An important environmental factor that should be mentioned and which shows different effects in the two most important chronic inflammatory bowel diseases is smoking. Smokers are thus more likely to contract Crohn’s disease. In addition, smoking often causes the disease to progress more severely, which is why Crohn’s disease patients should definitely stop smoking.

In contrast, smoking obviously has a protective effect in ulcerative colitis, as smokers are less likely to develop ulcerative colitis. According to the latest studies, chronic inflammatory bowel diseases are not, as assumed, autoimmune diseases.
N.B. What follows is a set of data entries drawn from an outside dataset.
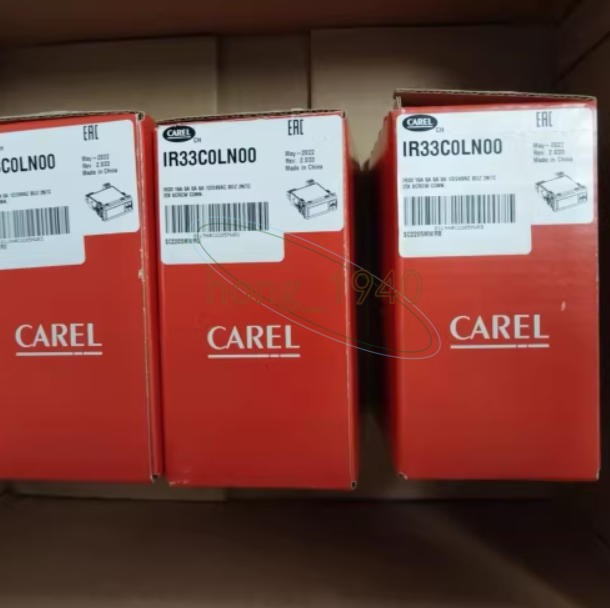 1PCS CAREL IR33C0LN00 Temperature Controller New
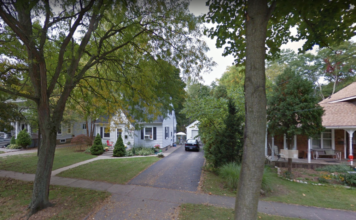 ‘Viaja al pasado’ con Google Maps y se topa con una estampa que le hace llorar (VIDEO)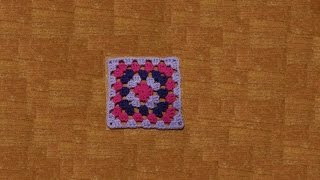 Piastrella alluncinetto facilissima  granny square crochet Tutorial [upl. by Aitnyc935]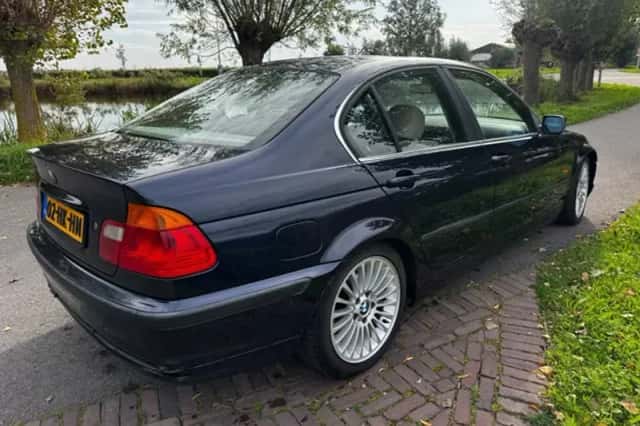 BMW 3-Serie (2001) thumbnail 3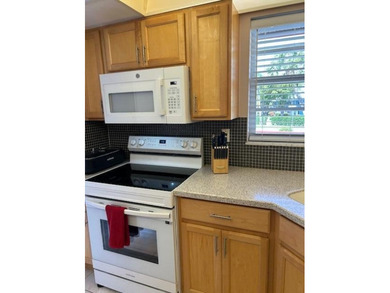 This a fantastic updated unit with 1 full bathroom and 1/2 bath - photo 14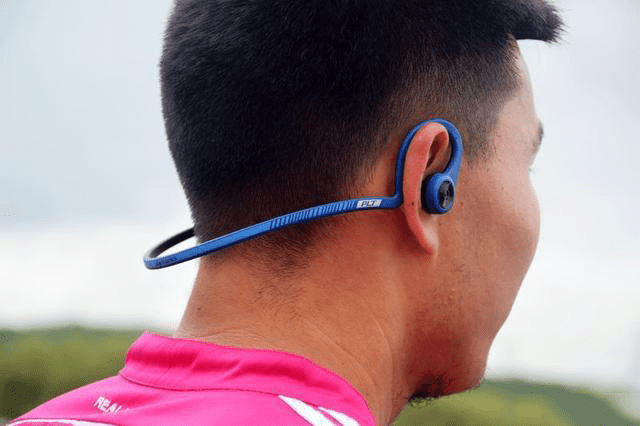 推荐理由:缤特力 backbeat fit boost蓝牙耳机采用耳挂 后兜式设计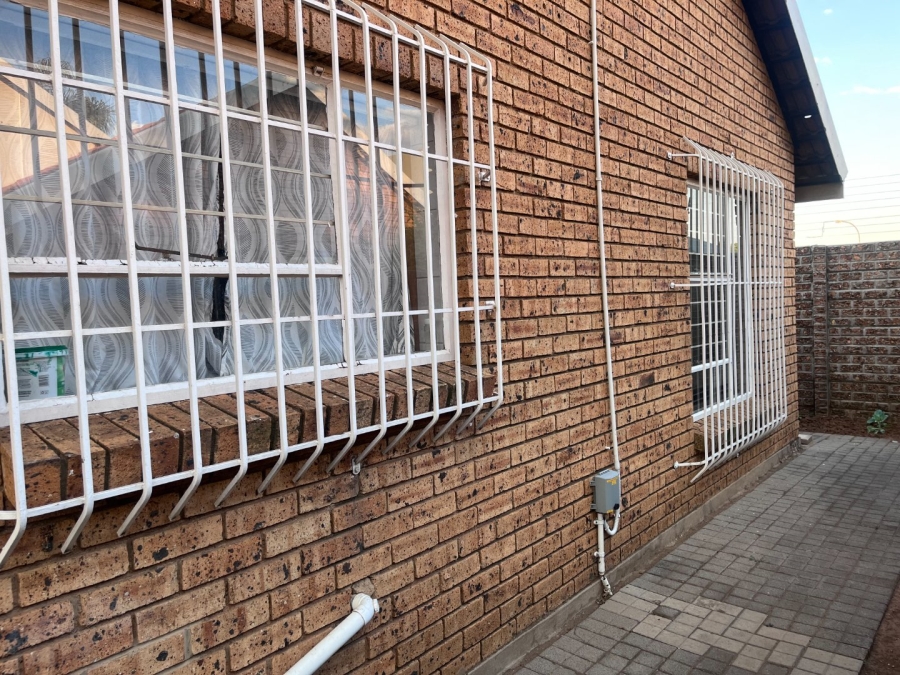 2 Bedroom Property for Sale in Bonaero Park Gauteng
Psychosomatic incidents have also been excluded as a cause. However, psychological factors (such as stress) can have a negative impact on the course of the chronic inflammatory bowel disease.

Diagnosis

A stool examination belongs to the standard diagnostics of chronic inflammatory bowel disease. The main purpose of stool diagnostics is to rule out gastroenteritis caused by bacteria (gastroenteritis). The stool is therefore tested for pathogenic (disease-causing) bacteria.

In addition, the markers for mucosal inflammation “calprotectin” and “lactoferrin” can be measured. These also serve to differentiate between non-inflammatory causes. Calprotectin, for example, is a protein that occurs in certain white blood cells (defence cells) in our body.

If these are increasingly active because an inflammatory process takes place in the intestine, this indicates an inflammatory bowel disease. If calprotectin or lactoferrin exceeds a certain level, this therefore indicates an inflammatory disease. These parameters are also determined for follow-up.

In order to distinguish between Ulcerative colitis and Crohn’s disease, in some cases of Ulcerative colitis an increased concentration of beta-defensin-2, which is only produced in inflammation, may be observed. In Crohn’s disease patients this level is usually low or absent. However, this value may also be partially absent in patients with ulcerative colitis and is therefore not suitable for reliable differentiation.

In addition to the clinical symptoms such as diarrhoea and pain, laboratory parameters are also available to make a diagnosis. If a chronic inflammatory bowel disease is suspected, the blood should be examined for signs of chronic inflammation, anaemia and malabsorption or malnutrition. Thus, a blood count and the determination of the CRP (C-reactive protein) should be carried out in any case.

Anemia and an increase in immune cells indicate chronic inflammation. In chronic inflammatory bowel disease, the CRP is usually elevated in the acute inflammatory flare, but negative CRP values do not rule out chronic bowel inflammation. If Crohn’s disease is suspected, vitamin B-12 should also be determined.

In Crohn’s disease, vitamin B-12 is often reduced due to poor absorption in the lower part of the small intestine. Furthermore, antibody determination can often help to identify either a chronic inflammatory bowel disease or to distinguish between Crohn’s disease and ulcerative colitis. These include the antibodies ASCA and ANCA. For example, the ASCA antibody is found in 70% of patients with Crohn’s disease and only in 15% of ulcerative colitis patients.